After I wrote this I asked a friend or two if I should post and they said, “Nahhhhhh”. I wrote it after having a couple of drinks when perhaps writing is not at its best.
Sometimes, you step back and look at the way things are in your life. On good weeks, you can feel a certain excitement or elation and other times maybe boredom or some sort of anxiety. The holidays are approaching and I have looked at the fact that I am single. Is it because I can not find a good woman? Not really, because I meet great women all the time.
Now, I have never posted on my Facebook wall anything about finding a quality woman or the women of my dreams or anything of that sort. When I think about this, I think the reason why is it could be insulting to someone who maybe I dated a few times and it never worked out. She is also single and available and maybe we have some history. If I am looking, why didn’ I pick her?
What actually makes the right woman? Why is a pretty, single, intelligent woman not good enough for some to settle down?
For some, it might be that they want the perfect girl. The right nose, height, age, background, color, etc. etc. etc. But is that really it? How do we know when when we find the perfect girl that her attitude doesn’t totally suck. What if she has already dated some of your friends which you find a turn off?
I heard someone use an expression again a few days ago which I had heard which is quite frank and maybe someone will consider vulgar: “You show me the hottest girl you can find and I will show you someone who is bored with fucking her”. Ok, don’t take this the wrong way. This could mean two things. One, that men are never satisfied no matter how good they have it. Or two, perhaps outside beauty isn’t everything…. That if the person is super hot, but has no personality, sex will never be enough.
I have been a bit “gun shy” about entering another relationship and then being in something which is hard to get out of. Therefore, I have a some kind of a tendency to not commit. To tell people that I only want to be friends or something.
When I came to the Philippines like some people, and unlike some others, I didn’t come to find a wife or to find love. I came for work without even thinking about what it would be like when it came to my dating life. When I first got here, I really didn’t go out much. I didn’t know many people and didn’t date very often. I was fortunate to meet some really quality friends right off the bat and have the occasional events to go to. My friend came from the UK and got bored a little easier and was somewhat antsy to go out more and before long, we became “famous” Hybrid and Starr patrons (Of course I don’t really believe we became famous. Filipinas say that we are in a joking way because everyone knew us there).

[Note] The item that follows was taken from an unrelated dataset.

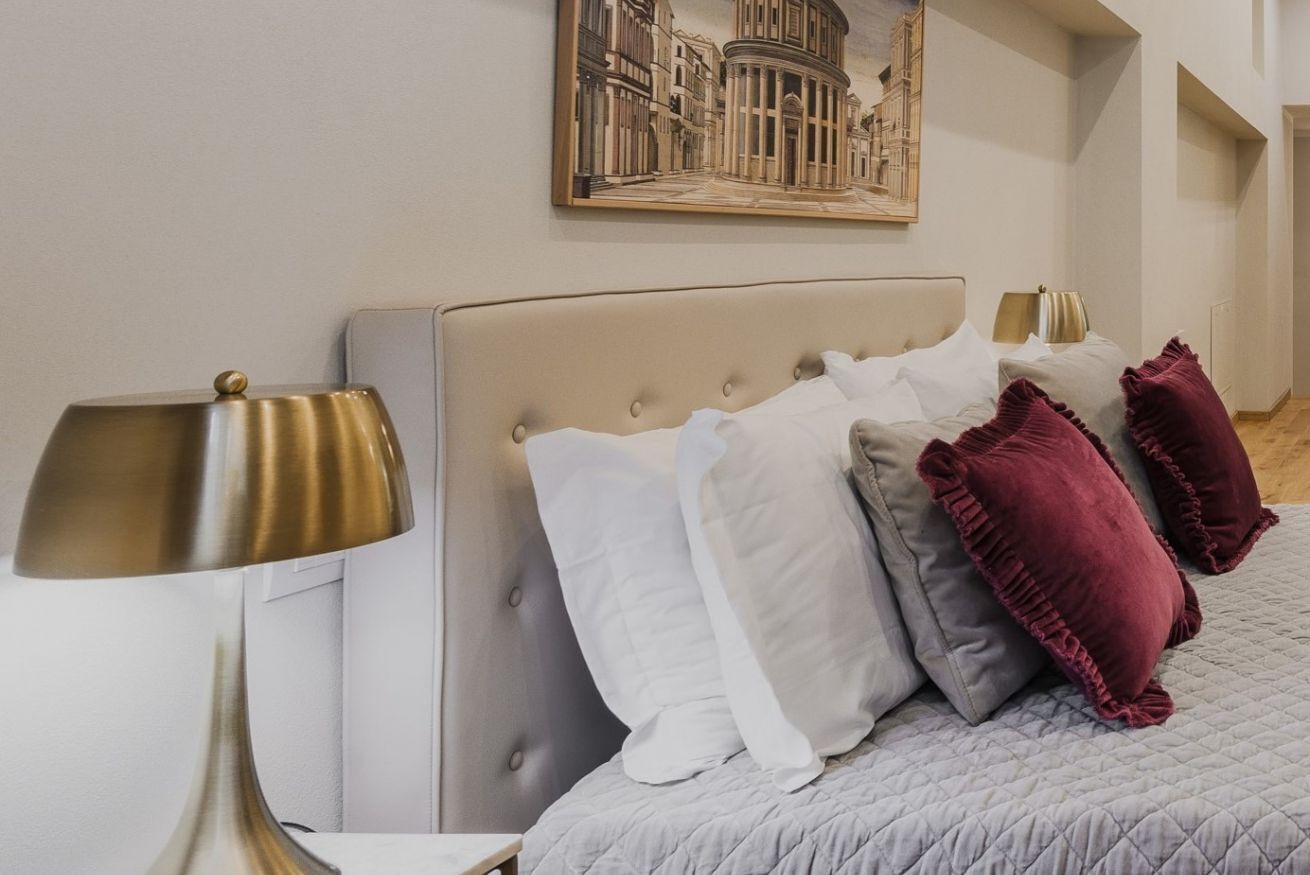Un lit bien fait, avec une tête de lit capitonnée, une lampe de chevet et un tableau encadré au mur.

I have not been a good boy or a bad boy as far as I am concerned. I don’t think I am a “slut”, definitely not a pervert, but am also not an angel. But I have in all honesty had both meaningless flings and also meaningful dates and series of dates with people to this day that I care for and think highly of.
I can easily boast that I have never cheated like many guys I know have and do; however, I have also not often committed which in itself is not good. As mentioned, I did have a nice relationship which was very comfortable that lasted three or four months since I have been in Davao. It didn’t end because of a third party or anything like that and we are still friends and warm when we bump into each other, but simply, the age gap and reality probably wasn’t ideal.
Yes, I have been “committment challenged”. I know that there is always a prettier girl, smarter girl, funnier girl and the grass is always greener, but the saying goes that indecision is a form of insanity. You will go insane if you constantly try to do better because there is no ideal point. It is all subjective and could always be changing.
So the logical solution is to find the person that matches as closely as possible to your “goals for a mate” and then work hard at creating something fun and honest and real. You would then never need to look at another woman, right? Why does that sound so easy? It isn’t. That takes a strong, honest and mature man. Am I that guy? I think I could be!